Here’s a controversy to toss out. I’ve pondered this for some time but the transit workers strike and the penalty it got hit with makes me wonder about this again: what if unions didn’t have automatic dues check-off and instead were obligated to collect dues one-on-one from members? You’ll see below in the article in today’s The New York Times that Roger Toussaint, having to deal with the loss of dues check-off–though the union got a temporary reprieve–has used this difficult situation to declare that the union would create a system through which dues would be collected by appealing to each member.
The pros and cons are this:
Pro: the right-wing often makes a big deal about “compulsory dues.” Maybe there could even be a legislative trade-off–give unions everything written down in the Employee Free Choice Act in exchange for unions agreeing to give up on automatic dues check-off unless say 75 percent of the members agreed to such a system.
The question is: would it make the union much more real to members if we dues were collected individually (yes, you could set up an automatic dues deduction via someone’s bank account the same way many of us pay other bills)? I can’t tell you how many times I’ve talked to union members just by chance and found that they have no idea what union they are in. It happens–let’s be honest.
Con: way too hard and imposes a financial and organizational hardship on unions. Legitimate point.
What do you’all think? Here’s the article:
City to Drop Lawsuit Against Transit Strikers
By THOMAS J. LUECKThe city has agreed to drop a lawsuit seeking huge financial penalties against individual members of the city’s main transit union, while the union has accepted terms for payment of $2.5 million in fines assessed against it for its 60-hour strike in December.
The deal did not appear to bring Local 100 of the Transport Workers Union or the Metropolitan Transportation Authority any closer to the bargaining table, or to a settlement of their stalled contract. But it tied up legal loose ends for a union that is already under financial duress, and had been threatened with more fines.
Michael A. Cardozo, the city’s corporation counsel, appeared in court on Dec. 13, before the transit strike, and said the city would seek $25,000 in fines from each Local 100 member on the first day they walked off the job, and that the amount would double on each day of a strike.
Citing the economic disruption that a subway shutdown would cause the city, he said it would seek $1 million more a day from the union itself.
In a the deal disclosed yesterday, and signed by Justice Theodore T. Jones of State Supreme Court in Brooklyn, the city is to receive the $2.5 million already assessed against the union for violating the state’s Taylor law, which prohibits strikes by public employees. The payments will be made in 12 monthly installments starting June 1.

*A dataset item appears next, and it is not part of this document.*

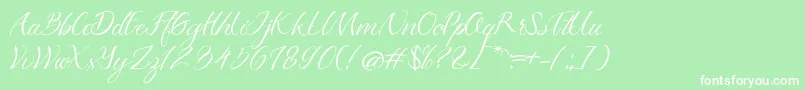 Azkadina Dafont Font – White Fonts on Green Background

“No further purpose would be served by the city pursuing its own lawsuit,” said Georgia Pestana, chief of the labor law division of the city’s Law Department. She said the $2.5 million penalty would “warn the T.W.U. and other unions that contemplate violating the law that the law must be obeyed, and that public employees and their unions have no right to betray the public’s trust.”
“The city is pleased that the T.W.U. has agreed to promptly begin paying the $2.5 million penalty,” Ms. Pestana said.
The deal also provides the union with some breathing space in a separate penalty imposed by Justice Jones, who ordered that the automatic payroll checkoff of Local 100’s union dues be discontinued by the authority. Local 100 had said that the elimination of dues deductions from members’ paychecks was the harshest penalty confronting the union, since it would severely limit its ability to collect money and pay its bills.
Under the agreement, dues checkoffs will remain in place until the final installment of the $2.5 million fine is paid. Then, after three months, the union can apply to the court to have the checkoff reinstated.
Roger Toussaint, the president of Local 100, said yesterday that the agreement, by allowing dues checkoffs for another year, would provide an opportunity to “permanently replace dues checkoff with direct payments to the union.”
“We will use this as a challenge to reinvent Local 100 into a union driven by one-on-one contact with its members,” he said.
He also maintained that the Taylor Law was unfair, and that legislation was needed to protect workers from “out-of-control bureaucracies like the M.T.A.”